EXERCISE
For the records that follow, please set down exactly the lines between the one holding "Structures inside Alicante" and the one holding "Trung tướng Trần", inclusive, and only those.

DATASET ENTRIES

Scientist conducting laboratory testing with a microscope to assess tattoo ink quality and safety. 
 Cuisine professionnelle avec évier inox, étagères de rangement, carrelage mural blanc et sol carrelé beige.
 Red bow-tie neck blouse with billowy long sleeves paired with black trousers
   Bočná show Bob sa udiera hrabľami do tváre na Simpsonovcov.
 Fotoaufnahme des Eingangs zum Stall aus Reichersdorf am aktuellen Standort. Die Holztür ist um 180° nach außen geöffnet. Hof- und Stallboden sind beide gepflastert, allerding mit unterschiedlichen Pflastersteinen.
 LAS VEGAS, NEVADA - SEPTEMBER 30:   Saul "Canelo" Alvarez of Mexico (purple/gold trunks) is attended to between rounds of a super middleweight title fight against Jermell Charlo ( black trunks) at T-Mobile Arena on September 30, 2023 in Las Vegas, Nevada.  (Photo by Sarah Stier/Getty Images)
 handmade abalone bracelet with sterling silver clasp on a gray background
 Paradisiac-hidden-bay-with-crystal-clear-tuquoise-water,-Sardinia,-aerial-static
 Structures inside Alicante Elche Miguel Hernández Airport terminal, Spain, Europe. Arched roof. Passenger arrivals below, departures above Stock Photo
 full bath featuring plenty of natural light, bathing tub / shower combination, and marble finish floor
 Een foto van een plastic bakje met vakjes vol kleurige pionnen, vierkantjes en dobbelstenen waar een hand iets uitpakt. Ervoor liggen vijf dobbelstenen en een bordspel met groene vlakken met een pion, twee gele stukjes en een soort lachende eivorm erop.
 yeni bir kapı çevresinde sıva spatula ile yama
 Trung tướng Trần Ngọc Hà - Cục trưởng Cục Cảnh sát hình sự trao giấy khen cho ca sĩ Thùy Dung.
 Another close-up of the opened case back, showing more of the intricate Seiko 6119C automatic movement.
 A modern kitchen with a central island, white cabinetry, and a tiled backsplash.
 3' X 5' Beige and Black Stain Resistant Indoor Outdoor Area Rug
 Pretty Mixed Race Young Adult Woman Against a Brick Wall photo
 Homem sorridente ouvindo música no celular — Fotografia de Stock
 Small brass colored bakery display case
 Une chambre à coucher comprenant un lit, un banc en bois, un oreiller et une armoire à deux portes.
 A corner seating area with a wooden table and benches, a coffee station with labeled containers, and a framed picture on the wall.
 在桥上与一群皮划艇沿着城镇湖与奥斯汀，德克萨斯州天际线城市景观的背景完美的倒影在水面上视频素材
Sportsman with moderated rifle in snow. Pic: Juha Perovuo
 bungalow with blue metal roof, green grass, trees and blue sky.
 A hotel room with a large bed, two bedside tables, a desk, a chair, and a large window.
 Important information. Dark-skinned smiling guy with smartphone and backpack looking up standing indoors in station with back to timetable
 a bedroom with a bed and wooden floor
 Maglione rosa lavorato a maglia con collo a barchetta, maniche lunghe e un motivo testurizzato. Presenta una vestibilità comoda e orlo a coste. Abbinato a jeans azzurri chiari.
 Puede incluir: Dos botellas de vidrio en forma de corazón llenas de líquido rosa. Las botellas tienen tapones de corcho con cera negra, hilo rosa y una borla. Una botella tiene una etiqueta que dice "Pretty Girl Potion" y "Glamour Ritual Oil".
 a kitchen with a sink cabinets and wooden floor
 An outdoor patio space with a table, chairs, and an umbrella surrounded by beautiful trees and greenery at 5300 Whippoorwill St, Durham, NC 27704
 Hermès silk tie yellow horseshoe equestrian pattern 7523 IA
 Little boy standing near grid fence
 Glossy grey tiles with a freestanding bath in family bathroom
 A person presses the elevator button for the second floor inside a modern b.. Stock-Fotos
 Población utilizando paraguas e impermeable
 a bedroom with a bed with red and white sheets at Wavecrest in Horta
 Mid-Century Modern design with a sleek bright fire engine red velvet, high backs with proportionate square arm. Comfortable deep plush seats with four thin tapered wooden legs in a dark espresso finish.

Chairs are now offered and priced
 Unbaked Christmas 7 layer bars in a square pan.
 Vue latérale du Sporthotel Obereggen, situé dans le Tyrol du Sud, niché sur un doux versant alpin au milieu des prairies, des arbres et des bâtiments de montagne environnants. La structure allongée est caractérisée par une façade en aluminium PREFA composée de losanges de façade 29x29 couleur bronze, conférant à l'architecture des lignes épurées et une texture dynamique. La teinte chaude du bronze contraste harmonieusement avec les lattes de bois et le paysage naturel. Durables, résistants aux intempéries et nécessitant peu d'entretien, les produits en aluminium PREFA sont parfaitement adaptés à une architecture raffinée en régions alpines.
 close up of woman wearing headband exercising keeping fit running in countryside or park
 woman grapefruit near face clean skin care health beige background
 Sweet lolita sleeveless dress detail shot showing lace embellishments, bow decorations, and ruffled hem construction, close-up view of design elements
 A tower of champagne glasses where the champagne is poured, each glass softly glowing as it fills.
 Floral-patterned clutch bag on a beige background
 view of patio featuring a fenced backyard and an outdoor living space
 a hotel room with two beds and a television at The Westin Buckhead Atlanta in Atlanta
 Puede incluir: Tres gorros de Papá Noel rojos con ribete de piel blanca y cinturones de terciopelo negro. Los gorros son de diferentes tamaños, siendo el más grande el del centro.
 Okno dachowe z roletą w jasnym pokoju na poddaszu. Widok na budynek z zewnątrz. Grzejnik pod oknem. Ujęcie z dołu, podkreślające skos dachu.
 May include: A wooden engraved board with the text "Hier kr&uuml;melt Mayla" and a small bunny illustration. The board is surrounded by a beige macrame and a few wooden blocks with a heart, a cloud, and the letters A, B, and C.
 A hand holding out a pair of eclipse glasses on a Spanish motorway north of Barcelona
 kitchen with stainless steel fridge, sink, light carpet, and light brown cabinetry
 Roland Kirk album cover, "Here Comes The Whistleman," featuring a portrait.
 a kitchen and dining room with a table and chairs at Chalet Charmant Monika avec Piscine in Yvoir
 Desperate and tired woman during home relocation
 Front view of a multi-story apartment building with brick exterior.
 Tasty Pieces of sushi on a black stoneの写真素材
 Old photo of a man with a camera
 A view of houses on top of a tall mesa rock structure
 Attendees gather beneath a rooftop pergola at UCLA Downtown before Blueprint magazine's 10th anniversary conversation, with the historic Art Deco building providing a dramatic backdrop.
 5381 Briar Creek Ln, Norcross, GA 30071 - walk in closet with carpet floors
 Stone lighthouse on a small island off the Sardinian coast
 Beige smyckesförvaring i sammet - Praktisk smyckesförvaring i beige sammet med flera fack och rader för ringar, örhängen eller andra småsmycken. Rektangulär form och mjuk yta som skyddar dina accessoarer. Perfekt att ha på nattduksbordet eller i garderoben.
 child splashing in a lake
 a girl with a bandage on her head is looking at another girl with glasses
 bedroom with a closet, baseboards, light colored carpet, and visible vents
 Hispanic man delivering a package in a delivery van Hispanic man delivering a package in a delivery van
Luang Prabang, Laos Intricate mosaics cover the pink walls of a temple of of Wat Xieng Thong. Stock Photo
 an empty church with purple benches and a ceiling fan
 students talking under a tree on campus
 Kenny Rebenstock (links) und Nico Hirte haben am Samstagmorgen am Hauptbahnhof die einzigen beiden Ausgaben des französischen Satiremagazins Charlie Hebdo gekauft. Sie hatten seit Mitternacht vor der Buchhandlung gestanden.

ANSWER TO THIS TASK
 Structures inside Alicante Elche Miguel Hernández Airport terminal, Spain, Europe. Arched roof. Passenger arrivals below, departures above Stock Photo
 full bath featuring plenty of natural light, bathing tub / shower combination, and marble finish floor
 Een foto van een plastic bakje met vakjes vol kleurige pionnen, vierkantjes en dobbelstenen waar een hand iets uitpakt. Ervoor liggen vijf dobbelstenen en een bordspel met groene vlakken met een pion, twee gele stukjes en een soort lachende eivorm erop.
 yeni bir kapı çevresinde sıva spatula ile yama
 Trung tướng Trần Ngọc Hà - Cục trưởng Cục Cảnh sát hình sự trao giấy khen cho ca sĩ Thùy Dung.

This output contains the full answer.